In een recente uitspraak van Gerechtshof Arnhem-Leeuwarden kwam een slepende pachtkwestie aan bod. De pachtkamer van het Gerechtshof moest beoordelen of een pachter tekort was geschoten in de nakoming van de pachtovereenkomst door de gronden onder te verpachten.
In een eerdere uitspraak in deze zaak had het hof twijfels of de pachter de zeggenschap over de gronden had behouden en de gepachte gronden voor eigen risico had beteeld.
Uit de ingebrachte stukken was niet duidelijk of (op het gepachte) gewassen waren geteeld voor de pluimveetak. De zeer eenzijdige teelt in de jaren 2012 (hoofdzakelijk maïs), 2013 (hoofdzakelijk aardappelen) en 2014 (hoofdzakelijk tarwe) deed verder vermoeden dat de gronden in een bouwplan van een derde waren opgenomen.
Pachter beschikte zelf niet over voldoende grond om de eenzijdige teelt als wisselteelt te verklaren. Het hof stelde de pachter in de gelegenheid om nadere stukken te overleggen, waaronder rekeningafschriften of andere betaalbewijzen, waaruit de persoonlijke exploitatie van de gepachte gronden en de ontvangst/betaling van de overgelegde facturen bleek.
In een tussenuitspraak overwoog het hof dat de maïs blijkbaar voor afnemer 1 was geteeld. En de aardappelen en tarwe voor afnemer 2. De door de pachter overlegde financiële stukken waren zonder nadere toelichting van de pachter niet te doorgronden. Het leek erop dat de verkoopopbrengst van tevoren vast heeft gestaan en dat alle kosten voldaan zijn door de afnemers. Het hof achtte voorshands bewezen dat de gronden waren onderverpacht, in ieder geval niet door de pachter persoonlijk in gebruik genomen gedurende een aantal jaren. Het hof heeft de pachter de gelegenheid geboden tot het leveren van tegenbewijs. Het tegenbewijs van de pachter bestond uit getuigenbewijs, bestaande uit het horen van leveranciers, afnemers en de rentmeester.

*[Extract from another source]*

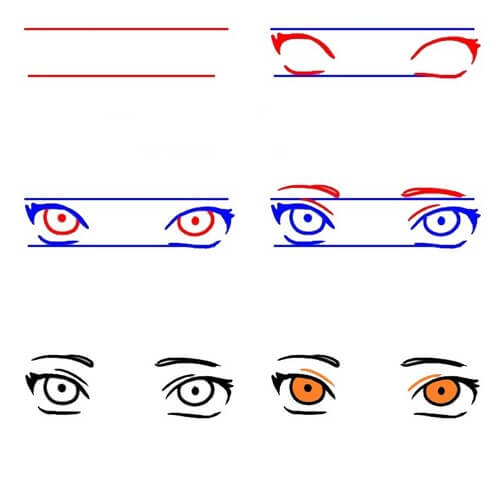 Naruto eyes (4) Drawing Ideas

In de einduitspraak stelde het hof bij de bewijswaardering het volgende voorop: de pachter was toegelaten tot tegenbewijs, hiermee is de stelling van de verpachter voldoende aan het wankelen gebracht. Voor zijn eigen partijverklaring gold voorts niet de beperking van artikel 164, lid 2, Wetboek van burgerlijke rechtsvordering (eigen verklaring kan geen bewijs in eigen voordeel opleveren, red.), omdat op hem niet de bewijslast rustte van de stelling van de verpachter dat de pachter was tekortgeschoten.

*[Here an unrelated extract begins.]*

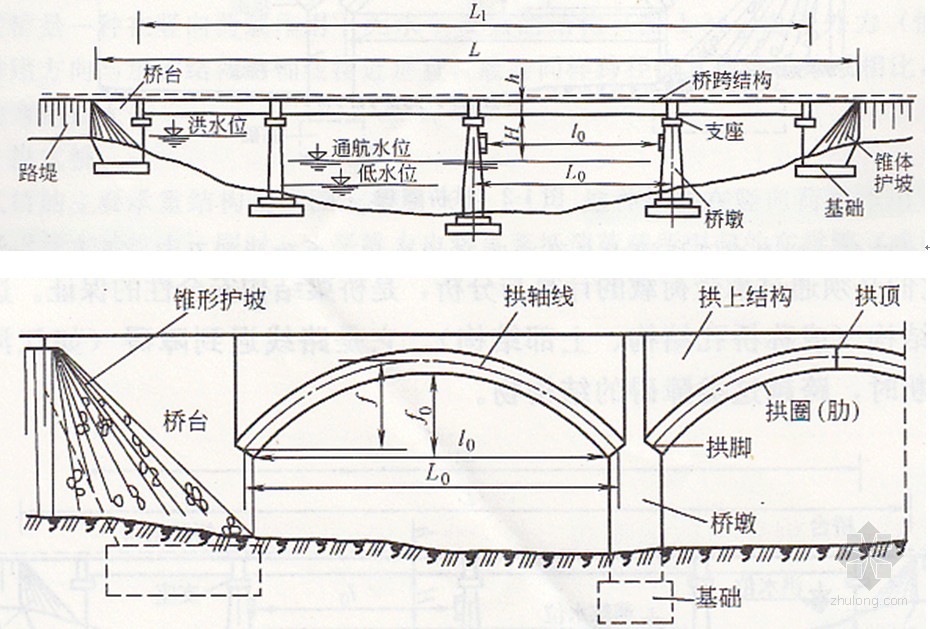 1k412011 掌握城市桥梁结构组成与类型 一,桥梁基本组成与常用术语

Het hof oordeelde dat de pachter het door de verpachter voorshands geleverde bewijs van diens stelling voldoende had ontzenuwd met het geleverde getuigenbewijs. De verklaringen van de getuigen kwamen overeen met het verweer van de pachter en vonden steun in de – onvolledige – financiële stukken die hij had overlegd.